> [WORK INSTRUCTION]: Your task is to transcribe all of the data below exactly, omitting the images.

[Source records]

○ ○ ○ ○

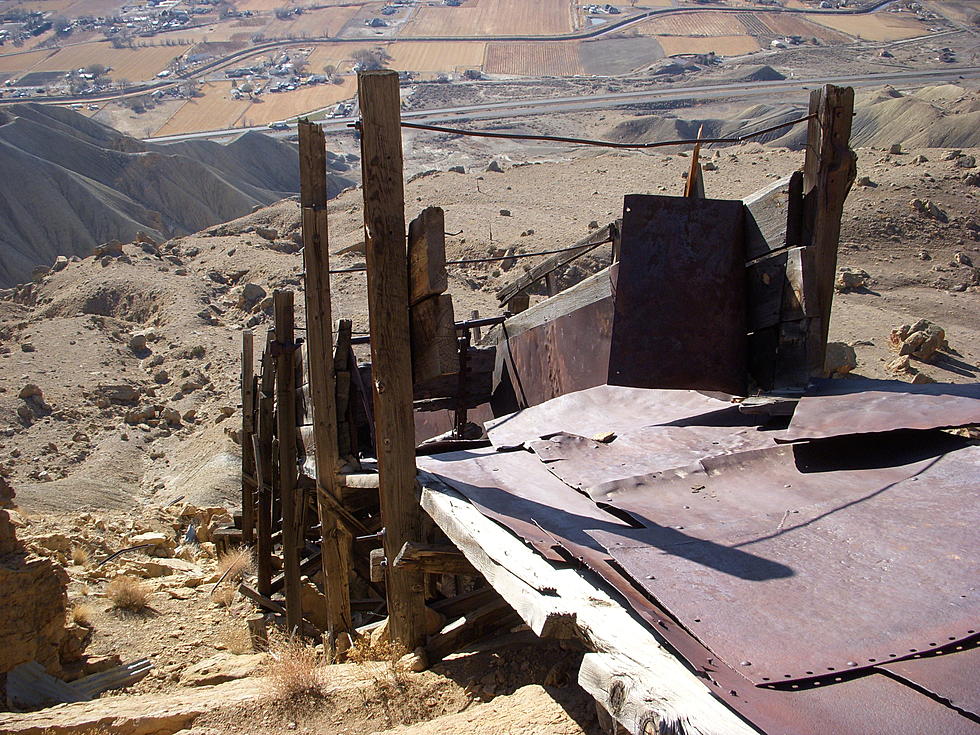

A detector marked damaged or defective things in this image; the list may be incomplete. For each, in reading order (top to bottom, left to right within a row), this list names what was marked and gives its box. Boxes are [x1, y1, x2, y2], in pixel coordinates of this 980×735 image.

rusty metal sheet [608, 193, 748, 394]
rusty metal sheet [486, 386, 732, 448]
rusty metal sheet [780, 380, 980, 442]
rusty metal sheet [528, 422, 780, 498]
rusty metal sheet [414, 448, 628, 564]
rusty metal sheet [584, 434, 976, 688]
rusty metal sheet [880, 644, 980, 720]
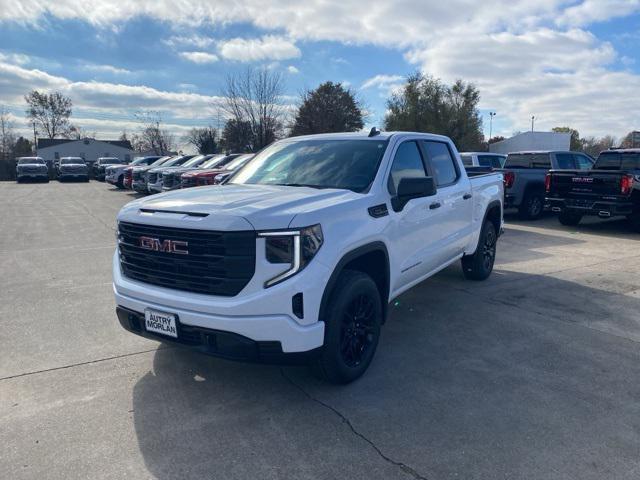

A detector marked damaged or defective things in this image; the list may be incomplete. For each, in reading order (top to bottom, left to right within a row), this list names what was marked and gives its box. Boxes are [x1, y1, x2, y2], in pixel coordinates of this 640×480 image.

crack in pavement [282, 370, 428, 478]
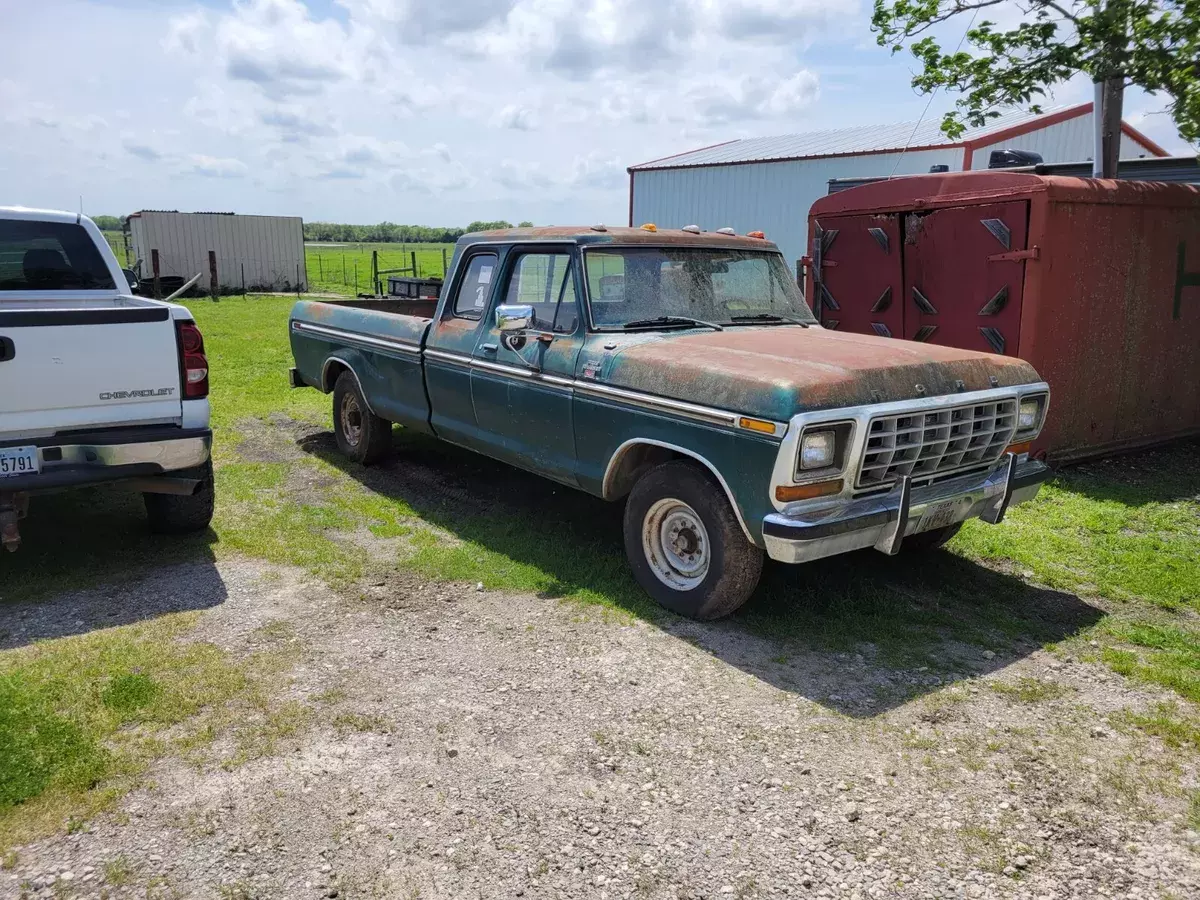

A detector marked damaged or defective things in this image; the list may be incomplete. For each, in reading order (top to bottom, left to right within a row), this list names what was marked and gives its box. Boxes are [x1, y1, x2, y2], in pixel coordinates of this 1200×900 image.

cracked windshield [580, 246, 816, 330]
rusty metal container [808, 172, 1200, 460]
rusty hood [600, 326, 1040, 422]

○ ○ ○ ○

> [EXERCISE SOLUTION]:
A detector marked damaged or defective things in this image; the list may be incomplete. For each, in reading order (top to bottom, left to right within a row), this list names what was marked and gives its box. Boxes are [x1, y1, x2, y2], in pixel coordinates of this 980×735 image.

rusty metal sheet [608, 193, 748, 394]
rusty metal sheet [486, 386, 732, 448]
rusty metal sheet [780, 380, 980, 442]
rusty metal sheet [528, 422, 780, 498]
rusty metal sheet [414, 448, 628, 564]
rusty metal sheet [584, 434, 976, 688]
rusty metal sheet [880, 644, 980, 720]

A detector marked damaged or defective things in this image; the list may be incomplete. For each, in reading order (top to bottom, left to right within a row), this list names what was marked and gives its box. Boxes are [x1, y1, x2, y2], in pixel coordinates of this 640×480 image.

crack in pavement [282, 370, 428, 478]

A detector marked damaged or defective things in this image; the list may be incomplete. For each, in reading order (top to bottom, left to right within a row), this list names what was marked and gives its box. Boxes are [x1, y1, x2, y2], in pixel coordinates of this 1200×900 image.

cracked windshield [580, 246, 816, 330]
rusty metal container [808, 172, 1200, 460]
rusty hood [600, 326, 1040, 422]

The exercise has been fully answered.